For transfers from the European Economic Area (EEA), UK, or Switzerland, we rely on:

Standard Contractual Clauses (SCCs) approved by the European Commission
Your explicit consent where appropriate

Our sub-processors (AWS, OpenAI, Stripe) maintain their own data transfer mechanisms and certifications.

8. Children's Privacy

Foil is not intended for use by individuals under the age of 16. We do not knowingly collect personal information from children. If you believe we have inadvertently collected data from a child, please contact us at privacy@getfoil.ai and we will promptly delete it.

9. Cookies and Tracking

We use the following cookies:

Essential Cookies: Required for authentication and security (session cookies, CSRF tokens)
Functional Cookies: Remember your preferences and settings

We do not use advertising or tracking cookies. We do not sell your data to third parties.

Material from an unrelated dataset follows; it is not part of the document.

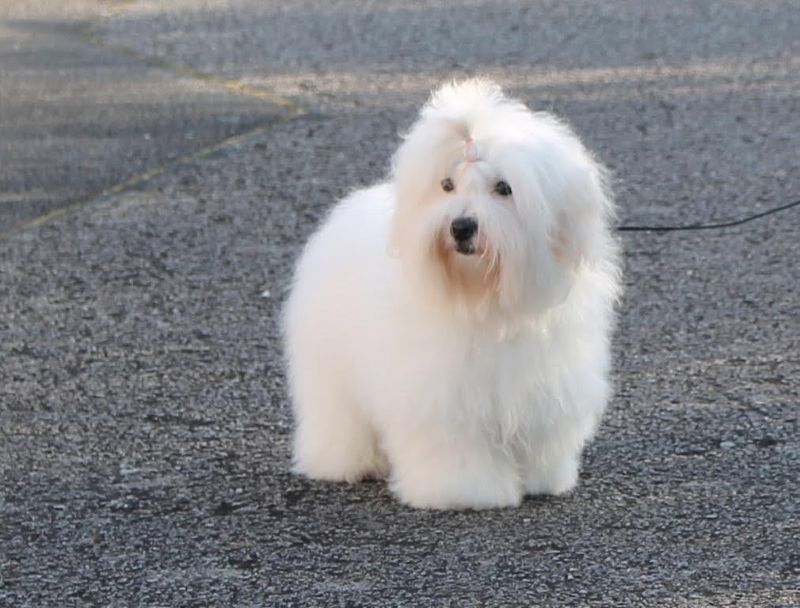 AMARENA CHERRY aujourd'hui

You can control cookies through your browser settings, but disabling essential cookies may prevent you from using the service.

10. Third-Party Services

We share data with the following third-party service providers:

OpenAI: For AI-powered evaluations (trace data sent for analysis)
Stripe: For payment processing (billing information)
AWS: For infrastructure and data storage
Sentry: For error tracking and diagnostics
SendGrid/Twilio: For email and SMS notifications

Each provider processes data according to their own privacy policies. We encourage you to review them.

11. Changes to This Policy

We may update this Privacy Policy from time to time. When we make material changes, we will:

Update the "Last Updated" date at the top of this page
Notify you via email or a prominent notice in our dashboard
Provide at least 30 days notice before changes take effect for material changes

Your continued use of the service after changes take effect constitutes acceptance of the updated policy.

12. Contact Us

If you have questions about this Privacy Policy or our data practices, contact us at:

Email: privacy@getfoil.ai
General inquiries: support@getfoil.ai

We will respond to your request within 30 days.